### EXERCISE DIRECTIONS
Search the records for the line with "Cover von Adaptive". Output that line and each line after it, exactly, and stop at the end; omit pictures.

### AVAILABLE DATA
BEGIN

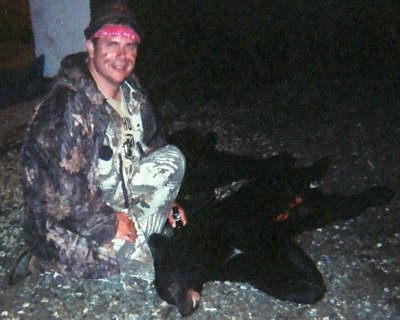 Image of Len's first bear  2002.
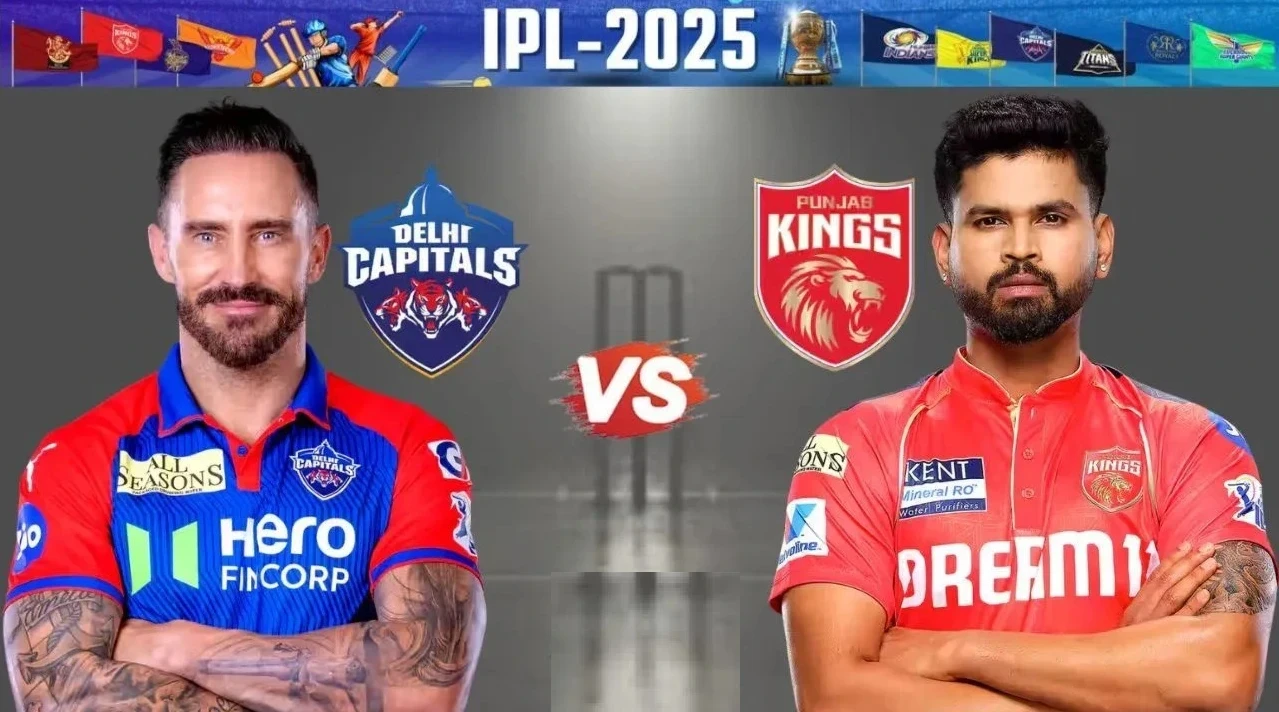 PBKS vs DC IPL 2025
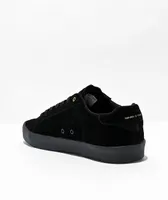 Hours Is Yours C71 Black Suede Skate Shoes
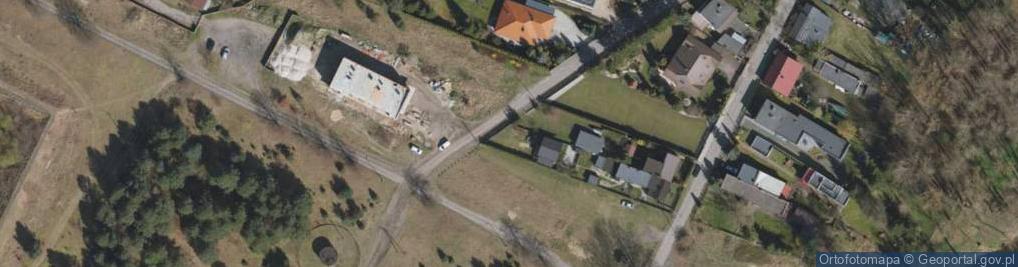 Zdjęcie satelitarne Wodna ul.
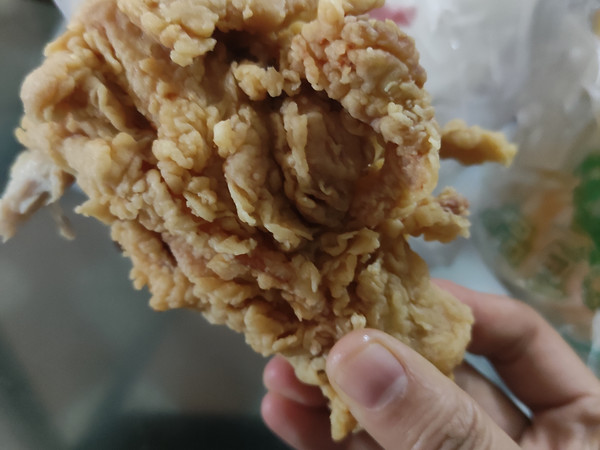 我的装备清单之吃香香脆脆炸鸡腿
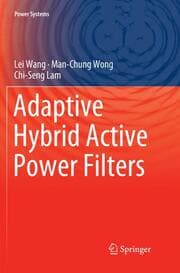 Cover von Adaptive Hybrid Active Power Filters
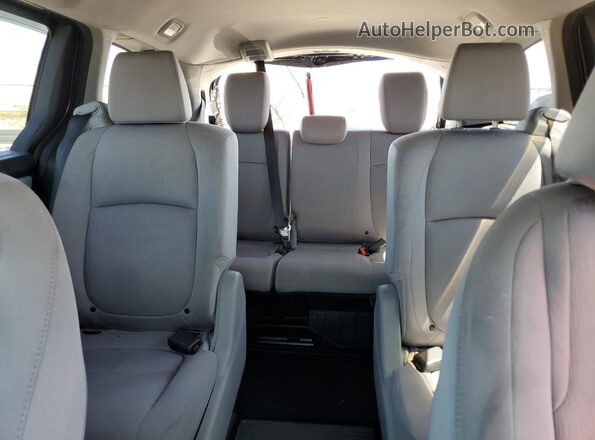 5FNRL6H28JB075913 2018 HONDA ODYSSEY Серый 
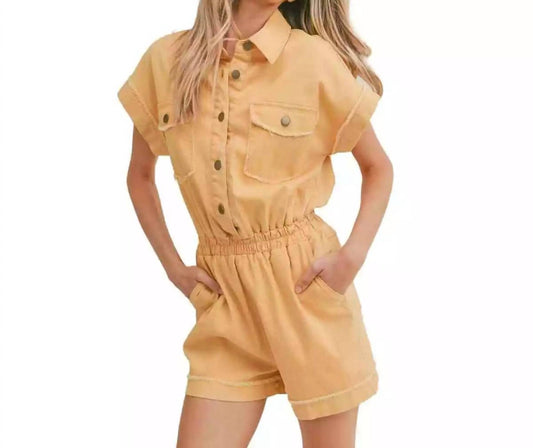 Sadie & Sage - Shooting Star Romper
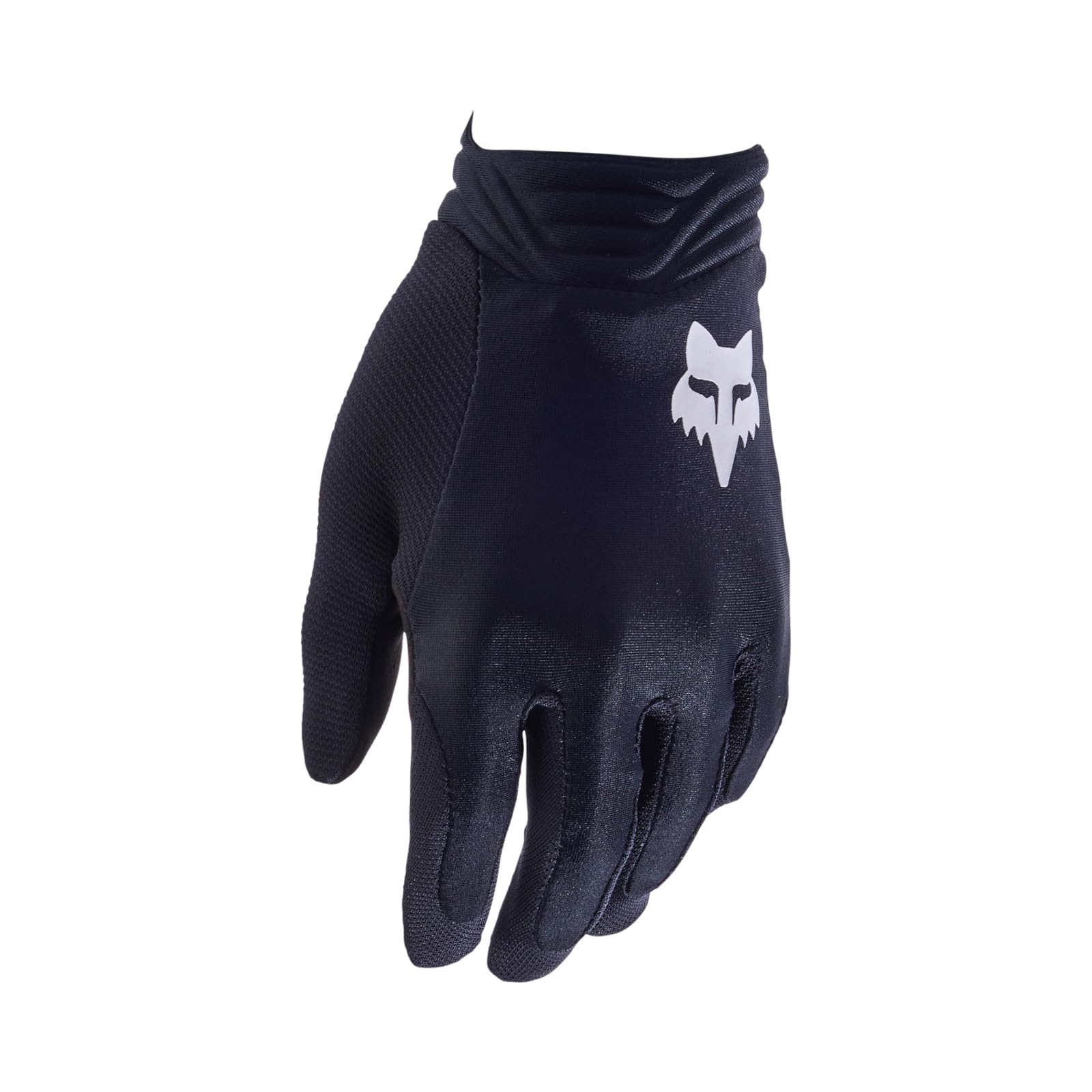 Fox Unisex Kids Black/White Airline Youth Motocross Gloves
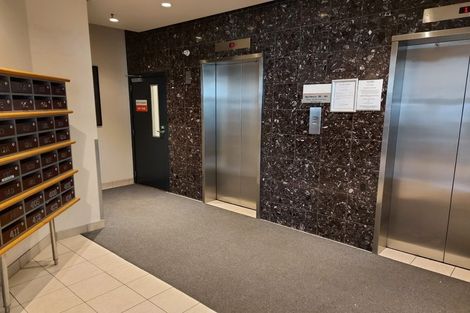 Photo of property in Terrace Heights Apartments, 6f/163 The Terrace, Wellington Central, Wellington, 6011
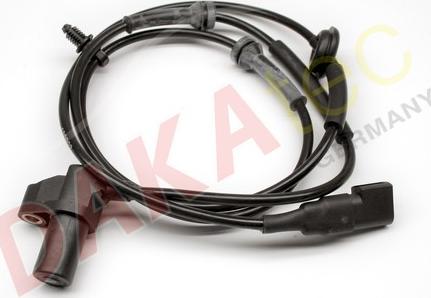 DAKAtec 410063 - Sensor, wheel speed autospares.lv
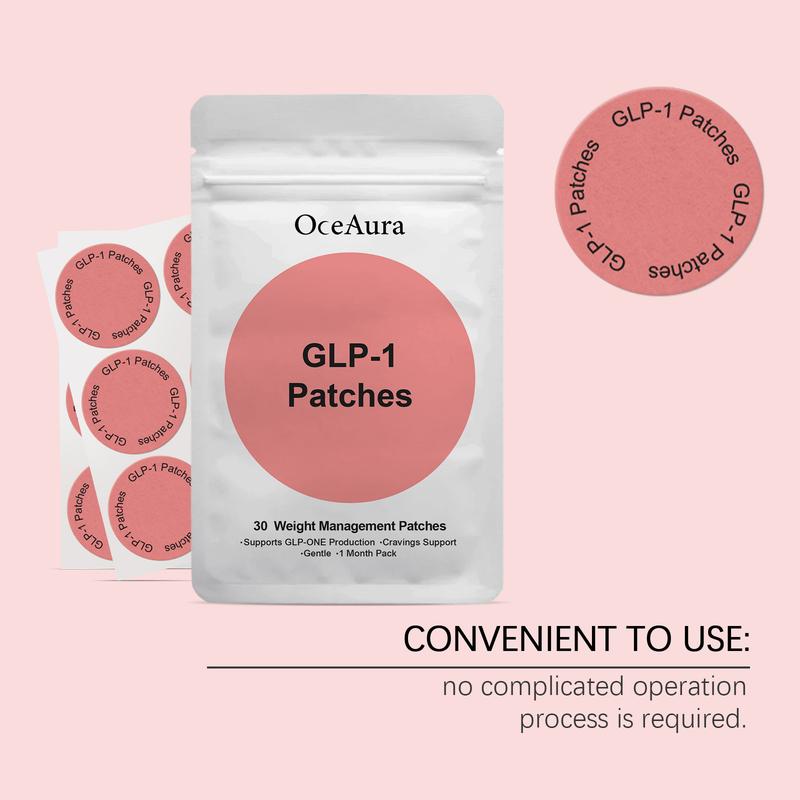 glp-1 patches uk Oceaura GLP-1 Patches Metabolic Balance Patches – 30-Day Supply with  Berberine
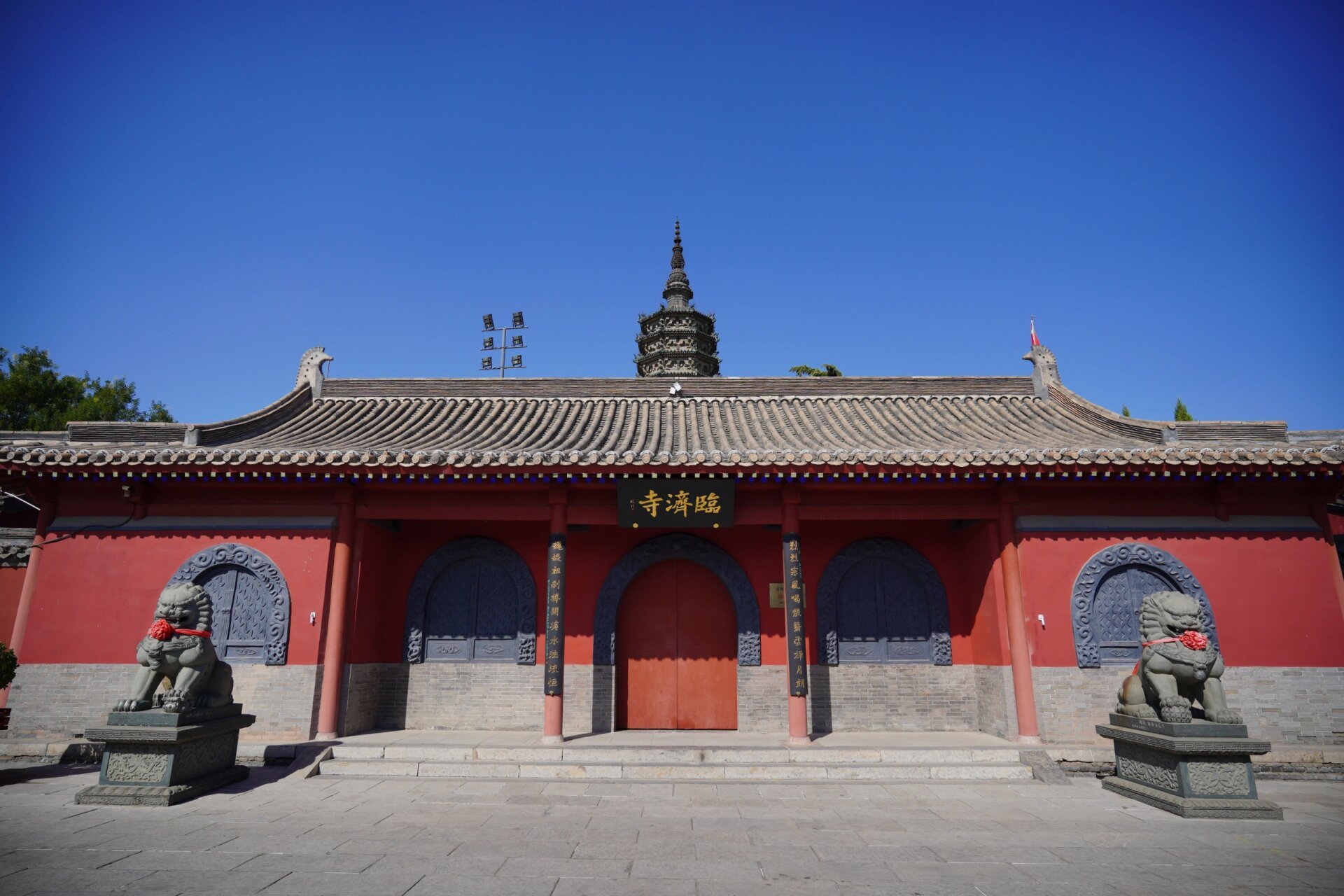 正定临济寺 参考图 1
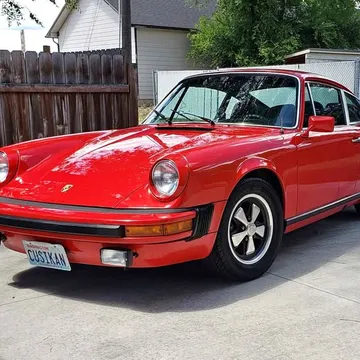 1974 Porsche 911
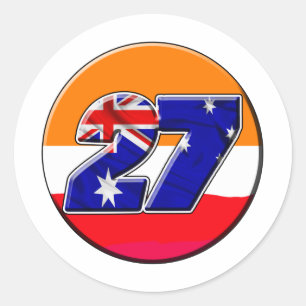 Adesivo CS27recircular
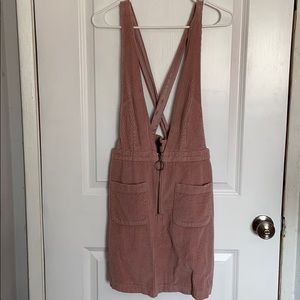 Wild fable pinafore dress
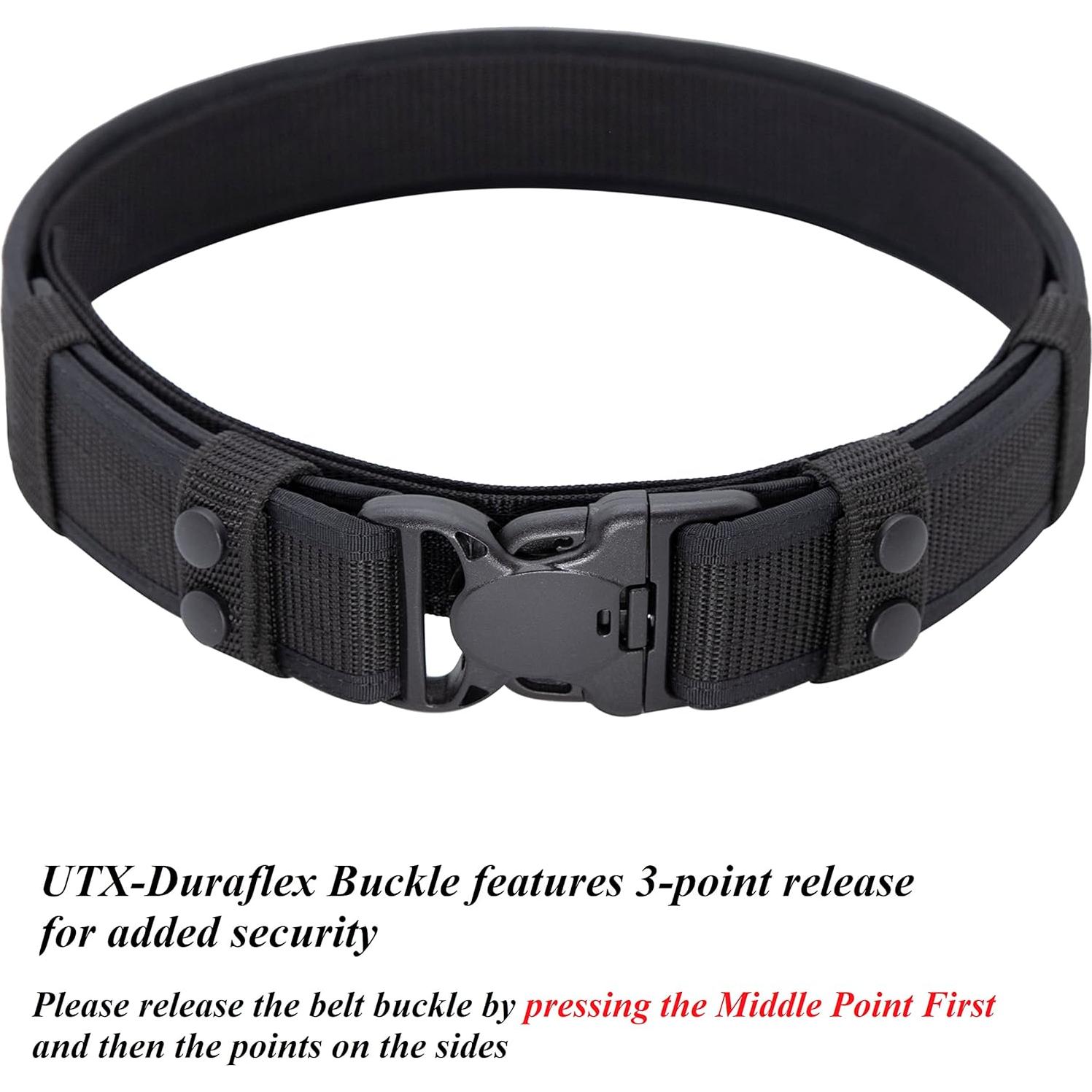 Kit Cinturón Táctico Dotacty 5.08 cm Nylon Ajustable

END

### RESPONSE BOX
 Cover von Adaptive Hybrid Active Power Filters
 5FNRL6H28JB075913 2018 HONDA ODYSSEY Серый 
 Sadie & Sage - Shooting Star Romper
 Fox Unisex Kids Black/White Airline Youth Motocross Gloves
 Photo of property in Terrace Heights Apartments, 6f/163 The Terrace, Wellington Central, Wellington, 6011
 DAKAtec 410063 - Sensor, wheel speed autospares.lv
 glp-1 patches uk Oceaura GLP-1 Patches Metabolic Balance Patches – 30-Day Supply with  Berberine
 正定临济寺 参考图 1
 1974 Porsche 911
 Adesivo CS27recircular
 Wild fable pinafore dress
 Kit Cinturón Táctico Dotacty 5.08 cm Nylon Ajustable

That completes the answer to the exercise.